DATA FOR PROCESSING
* * * * *

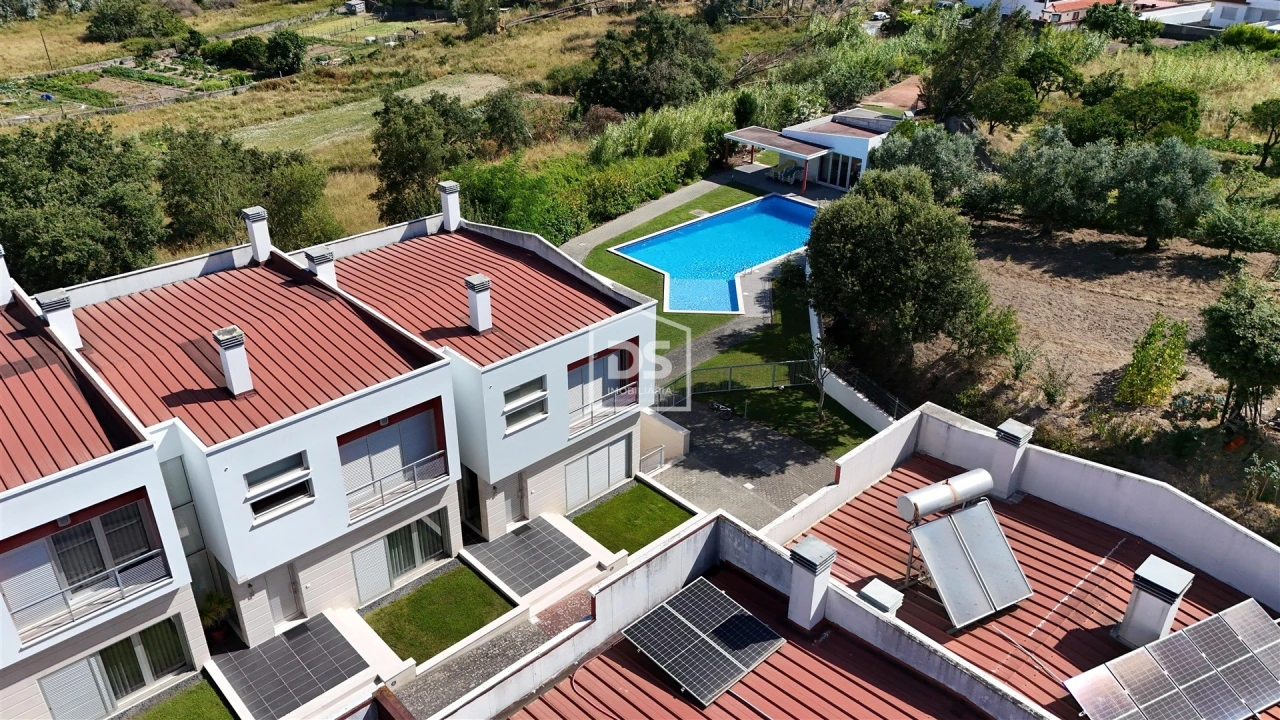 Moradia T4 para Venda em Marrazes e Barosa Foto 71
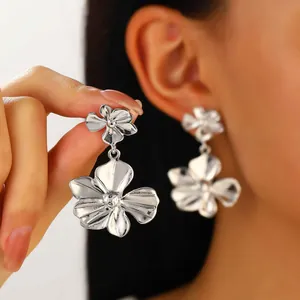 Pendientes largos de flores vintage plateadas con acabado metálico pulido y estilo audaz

* * * * *

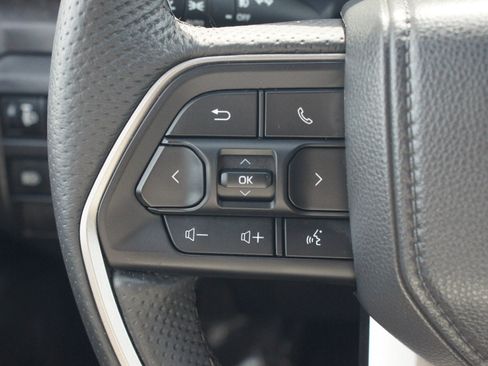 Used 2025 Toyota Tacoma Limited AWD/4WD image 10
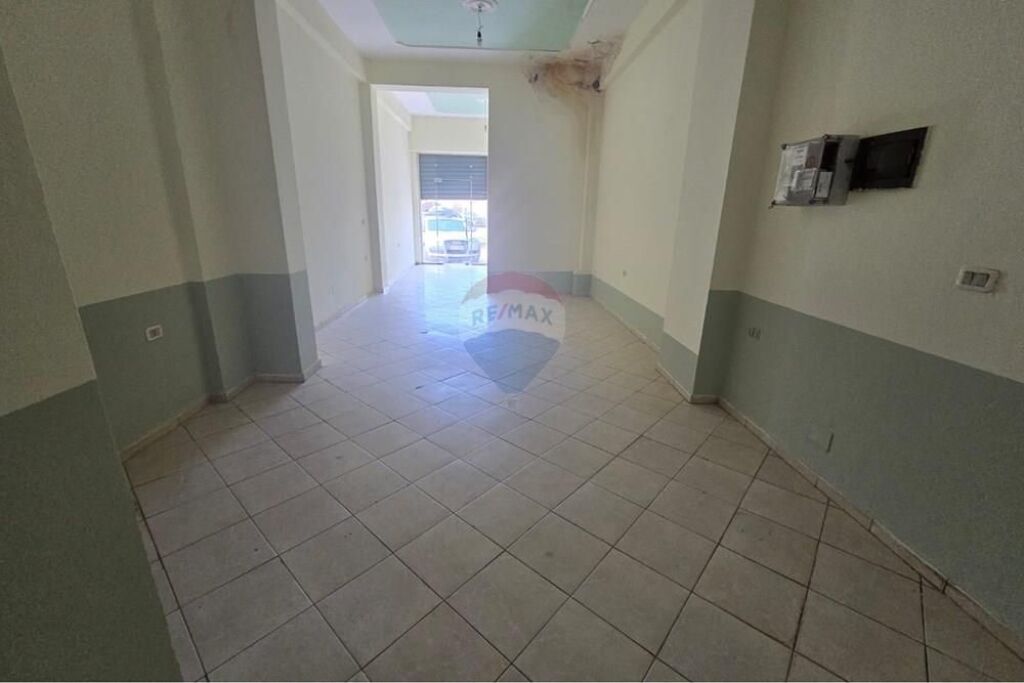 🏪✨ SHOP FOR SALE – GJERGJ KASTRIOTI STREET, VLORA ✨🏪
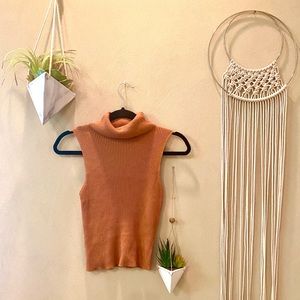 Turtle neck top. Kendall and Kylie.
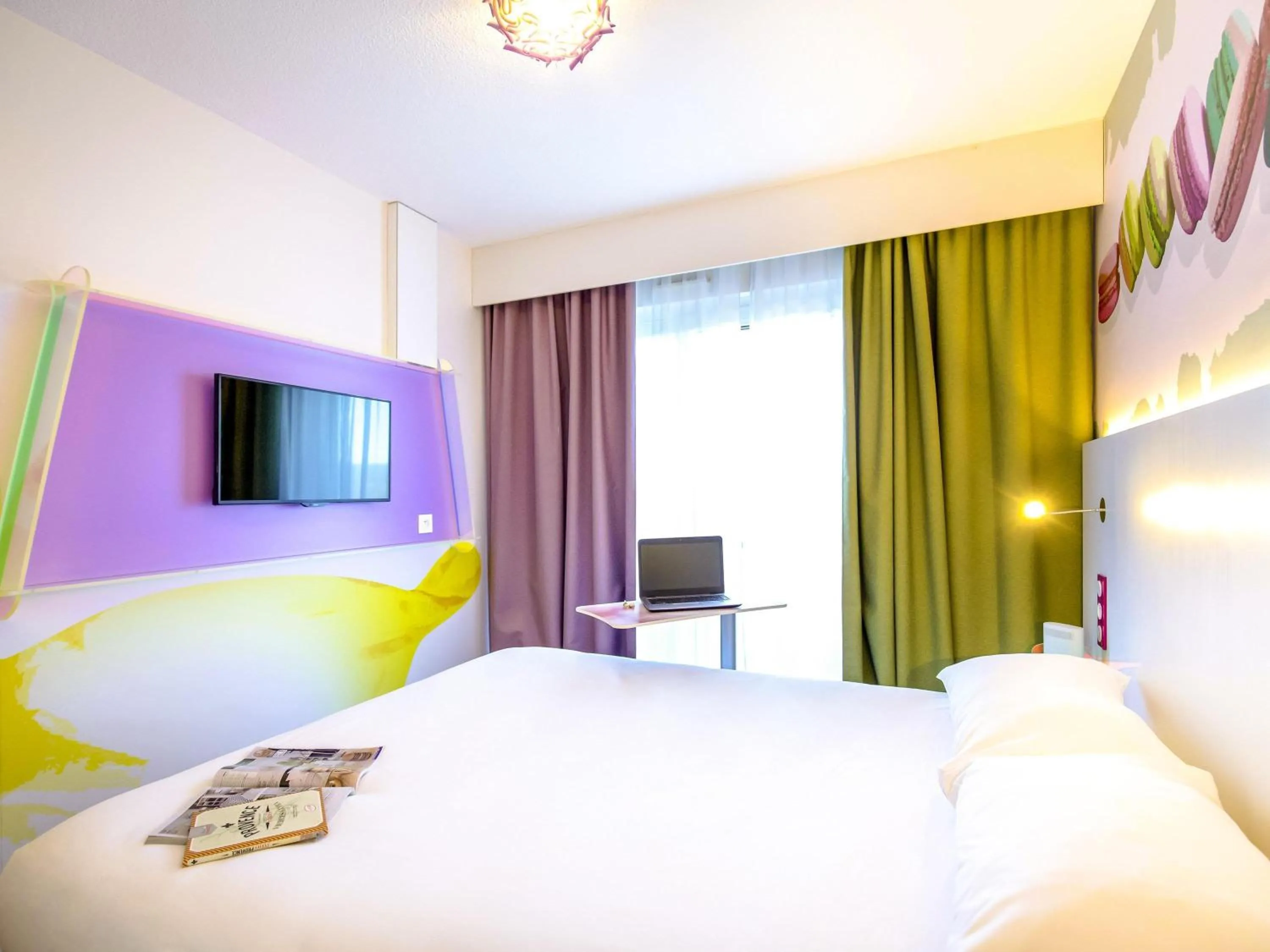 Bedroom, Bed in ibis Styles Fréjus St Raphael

* * * * *

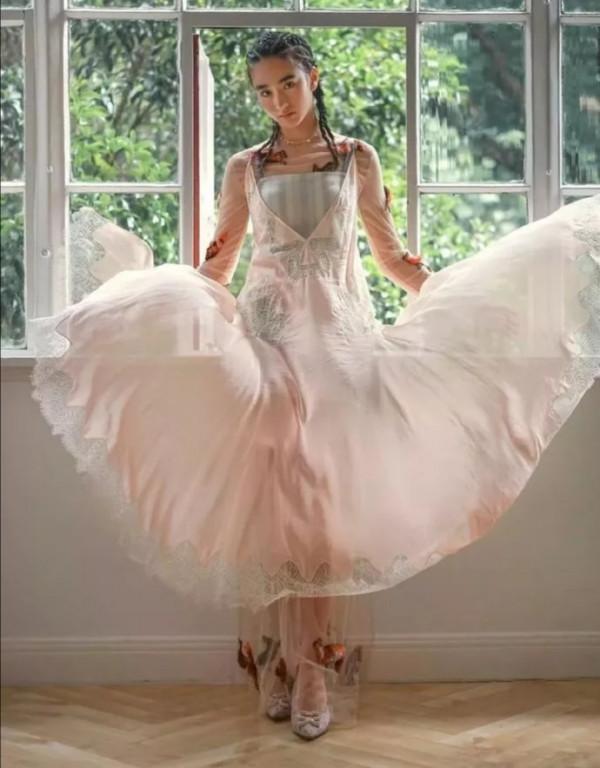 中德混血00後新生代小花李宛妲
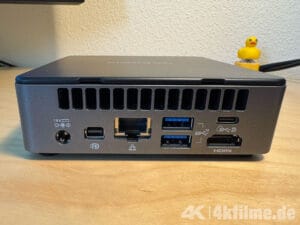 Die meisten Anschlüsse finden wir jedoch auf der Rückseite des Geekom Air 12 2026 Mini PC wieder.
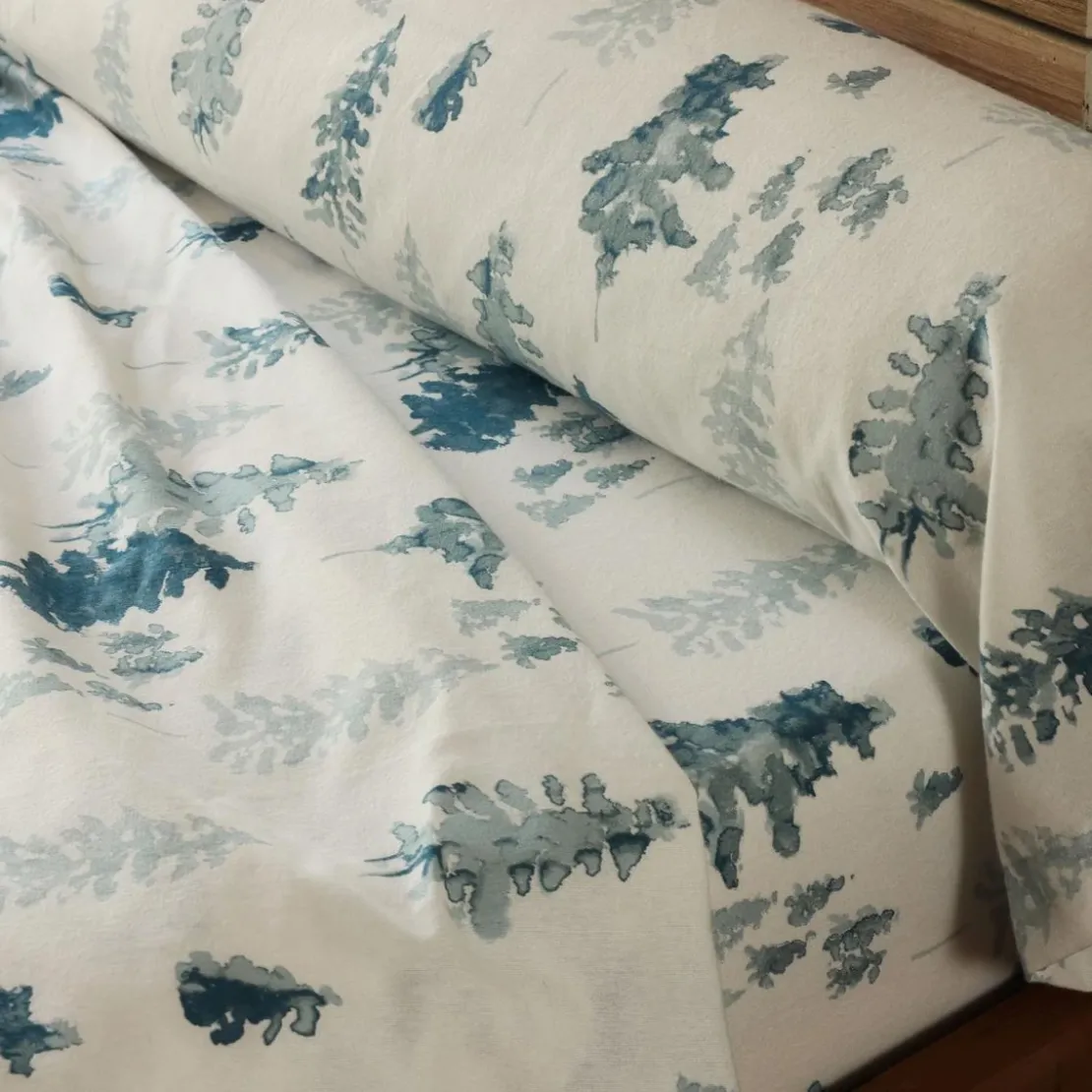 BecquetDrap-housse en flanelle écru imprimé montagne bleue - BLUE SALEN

* * * * *

REQUIRED WORK
Above are entries with pictures among them. Write out exactly the lines from the one containing "Die meisten Anschlüsse" through the one containing "BecquetDrap-housse en flanelle", ends included, and leave those pictures out.

EXPECTED ANSWER
 Die meisten Anschlüsse finden wir jedoch auf der Rückseite des Geekom Air 12 2026 Mini PC wieder.
 BecquetDrap-housse en flanelle écru imprimé montagne bleue - BLUE SALEN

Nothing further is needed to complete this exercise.